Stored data
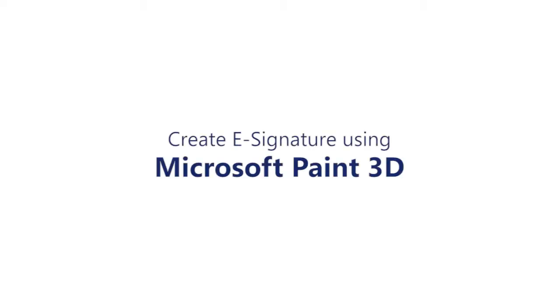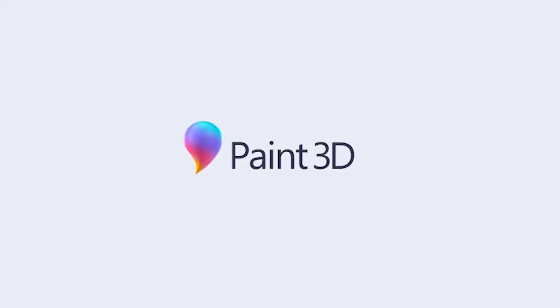This video will teach you how to create an e-signature using Microsoft Paint 3D. You can also create your e-signature using Paint 3D, a free application readily available and installed in your Windows 10 desktop.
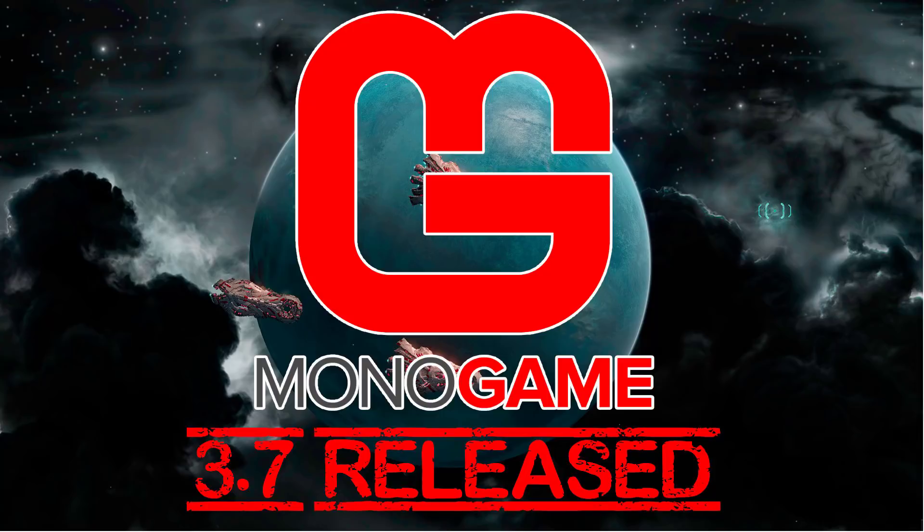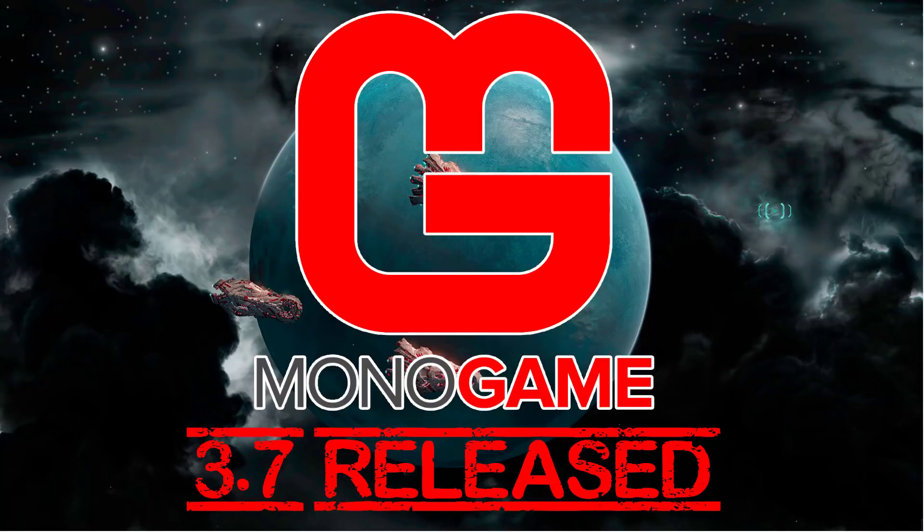XNA was basically a set of tools and frameworks that allowed you to import all your content and work within a special version of Visual Studio to create games you could run on various different platforms. MonoGame has taken that one step further and added a whole lot more platforms, things like iPad, iOS, Switch, a number of different consoles.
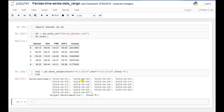The 6th and 7th dates are missing because we have weekends on those days, and it is now directly showing 8th, 9th, and so on. So these are the business days only.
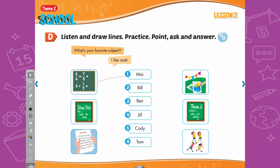D. Listen and draw lines. 2. What's your favorite subject, Bill? I like P.E. 3. What's your favorite subject, Ben? I like English. 4. What's your favorite subject, Jill? I like Vietnamese. 5. What's your favorite subject, Cody? I like music. 6. What's your favorite subject, Tom? I like art.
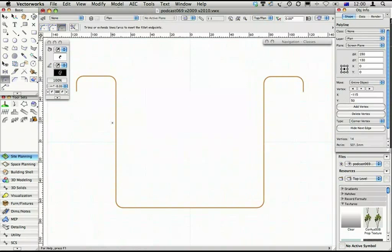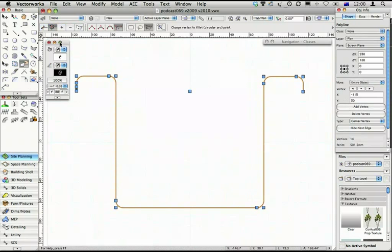Now this only works if you want all the corners filleted. But if you had a lot that you wanted filleted and only a couple that you didn't, you could undo them just by going back to this mode.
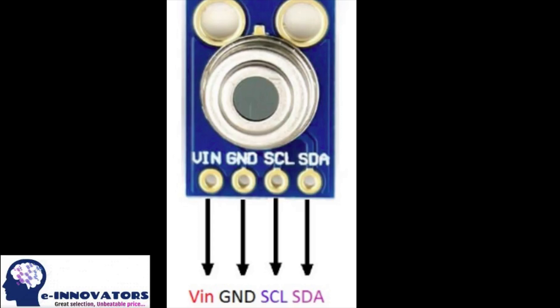First of all, see the sensor pinout. There are four pins on the sensor. One is the VCC, another one is the ground, then we have an SCL pin and the last we have an SDA pin.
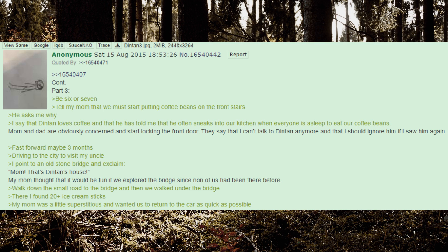Fast forward maybe 3 months. Driving to the city to visit my uncle. I point to an old stone bridge and exclaim, Mom, that's Dinton's house. My mom thought that it would be fun if we explored the bridge since none of us had been there before.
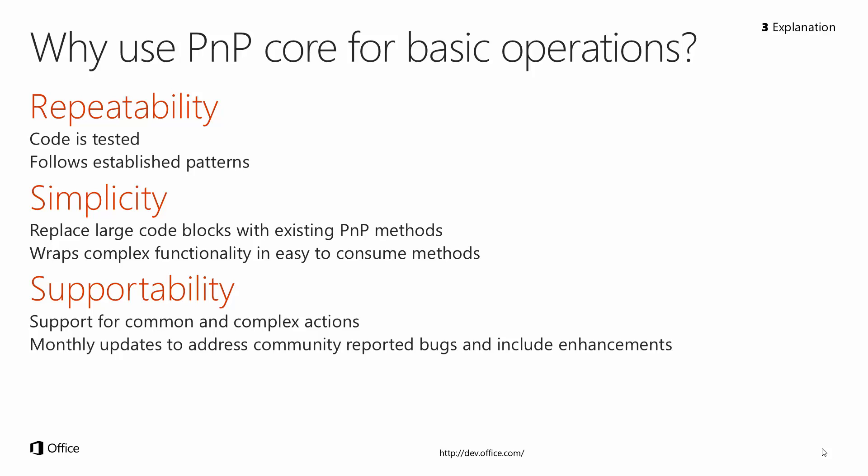And then supportability. There's a lot of support for both very common and also some more complex actions in the library. Some of the more complex stuff we'll look at in later modules in the series. But it's supported by the community, so we do have monthly updates to address bugs that are found as well as including enhancements. It's a great way to stay up to date with some of the latest techniques and possibilities as the product evolves both online and on-premises.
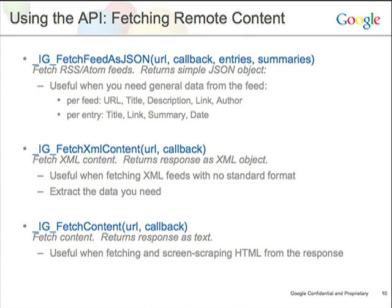fetchFeedAsJSON has the ability to fetch any Atom or RSS feeds. You can specify the number of entries you want to retrieve, along with a Boolean summaries parameter — true or false — which will bring in more descriptions from the feed. Based on the callback, it returns a JSON object to your callback function, which is very easy to iterate through since it comes back as a nicely formatted array. You can easily go through that and generate some HTML to output into your DOM.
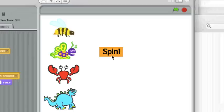So a sprite can receive its own message, and this is a pretty common technique in Scratch. Let's have a look at another usage for broadcast and receive, how to change levels in a game.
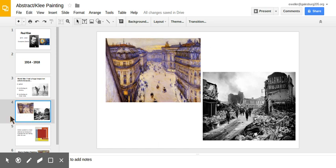By the end of the war, Paul Klee was no longer able to paint landscapes like he may have, like you see here. The reason he could not was because there was so much destruction, like you see in the photograph after the war.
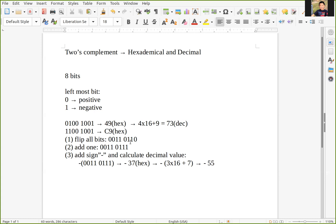So in this example, 1100 1001 — the hexadecimal value is C9, and the decimal value is minus 55.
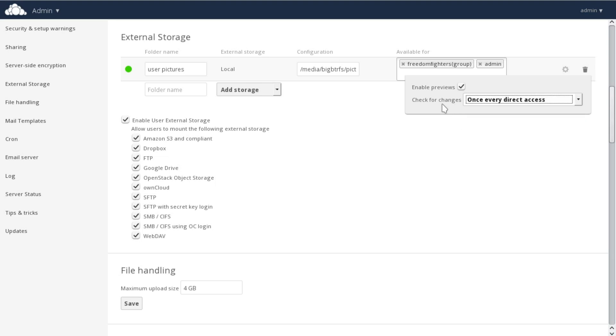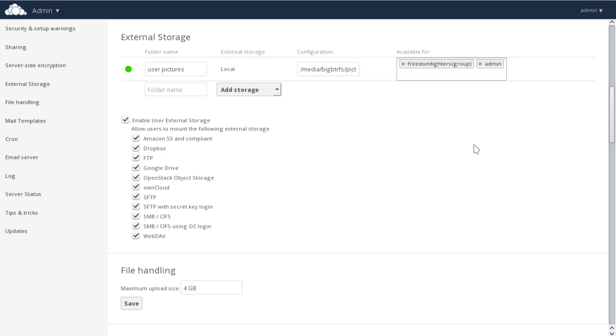There's a third option not visible here. If you have server-side encryption enabled, you have the option to enable or disable encryption on each storage individually. This option does not appear on systems where encryption is not enabled.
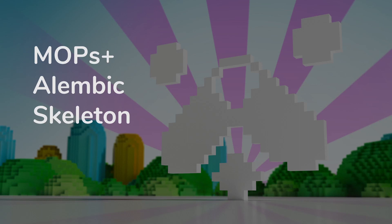Today's tutorial is about MOPS Plus Alembic Skeleton. This is a little convenience node that helps you pose and animate object hierarchies without having to leave the SOPS context. It's not really a typical MOPS node in the sense that it doesn't directly generate or modify packed primitives, but it does help with quickly posing and animating hierarchies in SOPS, and MOPS is all about getting results fast.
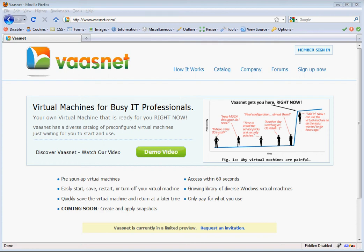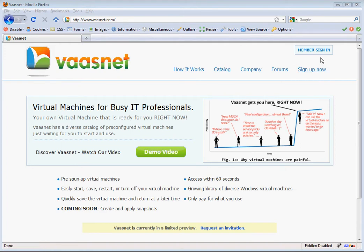Hi, this is Jeff Widmer, Chief Architect for VastNet. VastNet provides developers and system administrators with pre-configured, saved virtual machines for immediate use. It is really simple to get on your own virtual machine with VastNet.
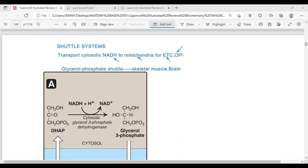The NADH is useless when it is in the cytosol; it has to go to the mitochondria where it will enter the electron transport chain and donate its hydrogens. We will look at the electron transport chain later, but today we are focusing on the shuttle systems. There are two: the glycerol phosphate shuttle system and the malate-aspartate shuttle system. Let's start with the glycerol phosphate shuttle system.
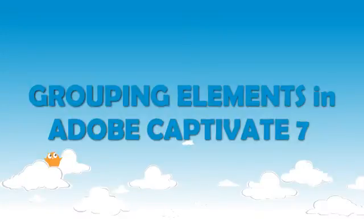Hi, my name is Dustin, and this tutorial will teach you how to group elements in Adobe Captivate 7.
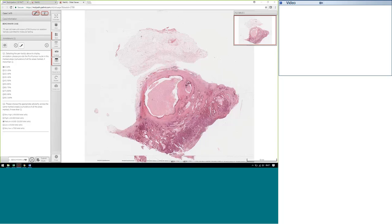Welcome to the UK MEQAS for Molecular Genetics Review of the TissueEye Pilot 1-3 colorectal cancer cases. We have two expert panel members present who are going to review the cases with you: Dr. Perry Maxwell from Belfast, and Dr. Jane Morehead from King's College Hospital in London.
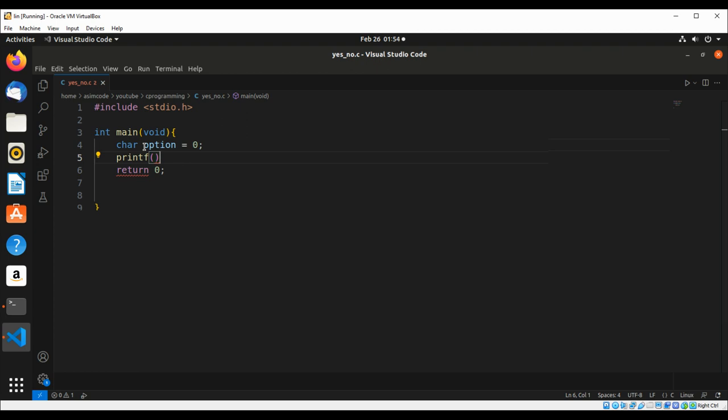And this will be please enter y for yes or n for no.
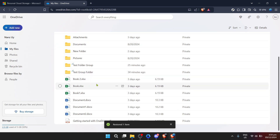Before we wrap up, it's worth noting a few additional tips. Regularly check your recycle bin on OneDrive — you never know when you might need to retrieve something from there. Also, consider using OneDrive's version history feature for your important documents. It could be a lifesaver if you ever need to revert to a previous version of a file.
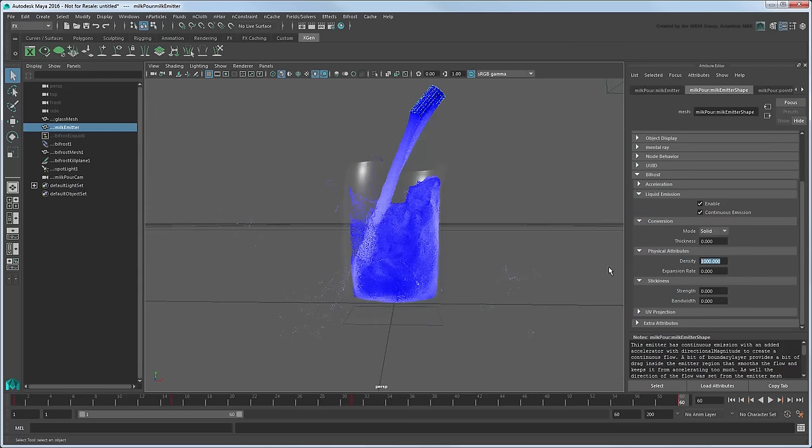Remember that the baseline value of 1000 is based on the density of water, so you may need to tweak that value if you are attempting to emulate a different substance.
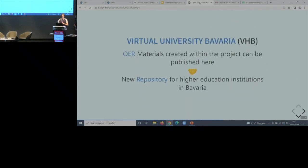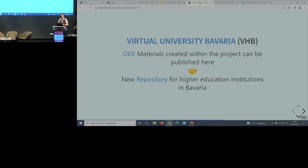We didn't want to build anything new as a university. We looked for somebody in Bavaria who works with online education and collaborated with them. We talked to the Virtual University Bavaria and, as it happened, they had set up an OER repository for their own materials. So we started collaborating with them so our material could be on this repository, which is quite nice.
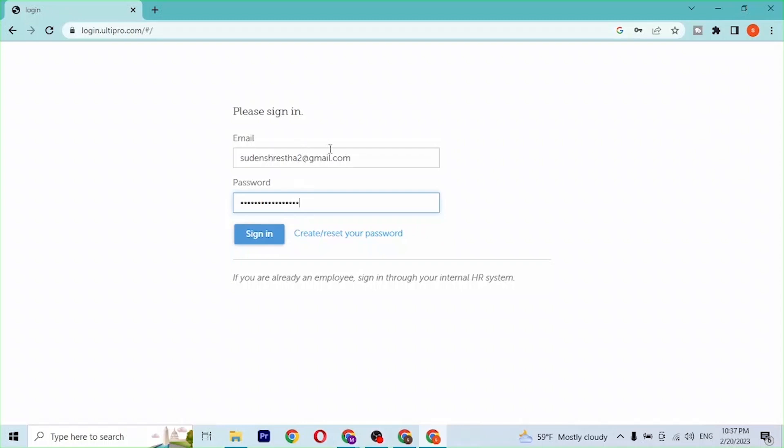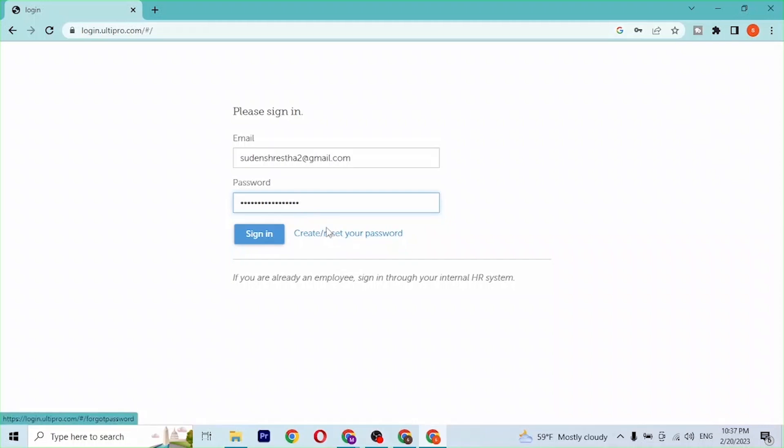But if you have forgotten your password, you can always reset your password from over here. You can see 'Create/Reset your password' - you will be able to reset your password from over here.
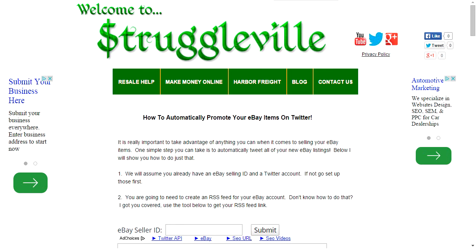Hey guys, welcome back to the Struggleville YouTube channel. I have another little eBay tool for you that I've put up on my website struggleville.net — there will be a link to the website below. This automatically tweets all of your new eBay items. When you create an eBay listing, it'll automatically tweet the title of that listing and a link to the listing to Twitter.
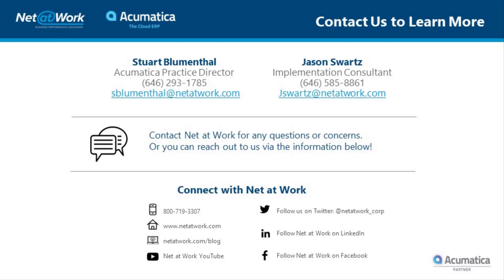Thanks again everyone for tuning in to this Net at Work quick tip video. Look forward to catching the next one. Feel free to comment down below or email me directly as you see on the screen. As always, subscribe and catch you in the next one.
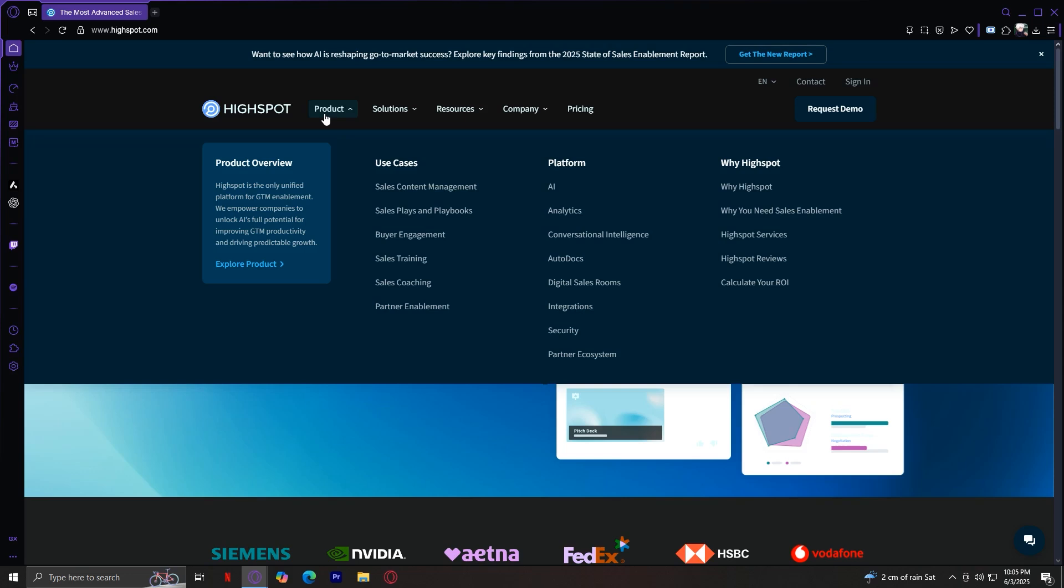And finally, Partner Enablement. If you sell through resellers or third parties, HiSpot helps them access the same content and tools your team uses. So, that's it for our Use Cases section. Now, let's move on to the Platform one.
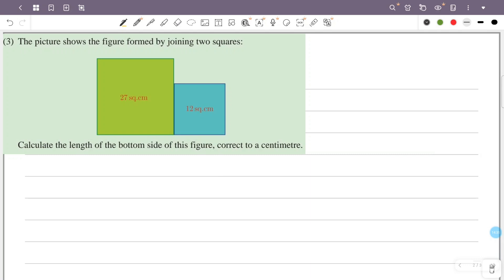The picture shows a figure formed by joining two squares. We need to find the length of the bottom side of the figure. There is a big square and a small square joined together. We need to find the length ac, which is the total bottom side.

WHAT NEEDS TO BE DONE | Reproduce the records verbatim, omitting all images they contain.

SOLUTION TO THIS EXERCISE |
This video will teach you how to create an e-signature using Microsoft Paint 3D. You can also create your e-signature using Paint 3D, a free application readily available and installed in your Windows 10 desktop.
XNA was basically a set of tools and frameworks that allowed you to import all your content and work within a special version of Visual Studio to create games you could run on various different platforms. MonoGame has taken that one step further and added a whole lot more platforms, things like iPad, iOS, Switch, a number of different consoles.
The 6th and 7th dates are missing because we have weekends on those days, and it is now directly showing 8th, 9th, and so on. So these are the business days only.
D. Listen and draw lines. 2. What's your favorite subject, Bill? I like P.E. 3. What's your favorite subject, Ben? I like English. 4. What's your favorite subject, Jill? I like Vietnamese. 5. What's your favorite subject, Cody? I like music. 6. What's your favorite subject, Tom? I like art.
Now this only works if you want all the corners filleted. But if you had a lot that you wanted filleted and only a couple that you didn't, you could undo them just by going back to this mode.
First of all, see the sensor pinout. There are four pins on the sensor. One is the VCC, another one is the ground, then we have an SCL pin and the last we have an SDA pin.
Fast forward maybe 3 months. Driving to the city to visit my uncle. I point to an old stone bridge and exclaim, Mom, that's Dinton's house. My mom thought that it would be fun if we explored the bridge since none of us had been there before.
And then supportability. There's a lot of support for both very common and also some more complex actions in the library. Some of the more complex stuff we'll look at in later modules in the series. But it's supported by the community, so we do have monthly updates to address bugs that are found as well as including enhancements. It's a great way to stay up to date with some of the latest techniques and possibilities as the product evolves both online and on-premises.
fetchFeedAsJSON has the ability to fetch any Atom or RSS feeds. You can specify the number of entries you want to retrieve, along with a Boolean summaries parameter — true or false — which will bring in more descriptions from the feed. Based on the callback, it returns a JSON object to your callback function, which is very easy to iterate through since it comes back as a nicely formatted array. You can easily go through that and generate some HTML to output into your DOM.
So a sprite can receive its own message, and this is a pretty common technique in Scratch. Let's have a look at another usage for broadcast and receive, how to change levels in a game.
By the end of the war, Paul Klee was no longer able to paint landscapes like he may have, like you see here. The reason he could not was because there was so much destruction, like you see in the photograph after the war.
So in this example, 1100 1001 — the hexadecimal value is C9, and the decimal value is minus 55.
There's a third option not visible here. If you have server-side encryption enabled, you have the option to enable or disable encryption on each storage individually. This option does not appear on systems where encryption is not enabled.
Today's tutorial is about MOPS Plus Alembic Skeleton. This is a little convenience node that helps you pose and animate object hierarchies without having to leave the SOPS context. It's not really a typical MOPS node in the sense that it doesn't directly generate or modify packed primitives, but it does help with quickly posing and animating hierarchies in SOPS, and MOPS is all about getting results fast.
Hi, this is Jeff Widmer, Chief Architect for VastNet. VastNet provides developers and system administrators with pre-configured, saved virtual machines for immediate use. It is really simple to get on your own virtual machine with VastNet.
The NADH is useless when it is in the cytosol; it has to go to the mitochondria where it will enter the electron transport chain and donate its hydrogens. We will look at the electron transport chain later, but today we are focusing on the shuttle systems. There are two: the glycerol phosphate shuttle system and the malate-aspartate shuttle system. Let's start with the glycerol phosphate shuttle system.
Hi, my name is Dustin, and this tutorial will teach you how to group elements in Adobe Captivate 7.
Welcome to the UK MEQAS for Molecular Genetics Review of the TissueEye Pilot 1-3 colorectal cancer cases. We have two expert panel members present who are going to review the cases with you: Dr. Perry Maxwell from Belfast, and Dr. Jane Morehead from King's College Hospital in London.
And this will be please enter y for yes or n for no.
Before we wrap up, it's worth noting a few additional tips. Regularly check your recycle bin on OneDrive — you never know when you might need to retrieve something from there. Also, consider using OneDrive's version history feature for your important documents. It could be a lifesaver if you ever need to revert to a previous version of a file.
Remember that the baseline value of 1000 is based on the density of water, so you may need to tweak that value if you are attempting to emulate a different substance.
We didn't want to build anything new as a university. We looked for somebody in Bavaria who works with online education and collaborated with them. We talked to the Virtual University Bavaria and, as it happened, they had set up an OER repository for their own materials. So we started collaborating with them so our material could be on this repository, which is quite nice.
But if you have forgotten your password, you can always reset your password from over here. You can see 'Create/Reset your password' - you will be able to reset your password from over here.
Hey guys, welcome back to the Struggleville YouTube channel. I have another little eBay tool for you that I've put up on my website struggleville.net — there will be a link to the website below. This automatically tweets all of your new eBay items. When you create an eBay listing, it'll automatically tweet the title of that listing and a link to the listing to Twitter.
Thanks again everyone for tuning in to this Net at Work quick tip video. Look forward to catching the next one. Feel free to comment down below or email me directly as you see on the screen. As always, subscribe and catch you in the next one.
And finally, Partner Enablement. If you sell through resellers or third parties, HiSpot helps them access the same content and tools your team uses. So, that's it for our Use Cases section. Now, let's move on to the Platform one.
The picture shows a figure formed by joining two squares. We need to find the length of the bottom side of the figure. There is a big square and a small square joined together. We need to find the length ac, which is the total bottom side.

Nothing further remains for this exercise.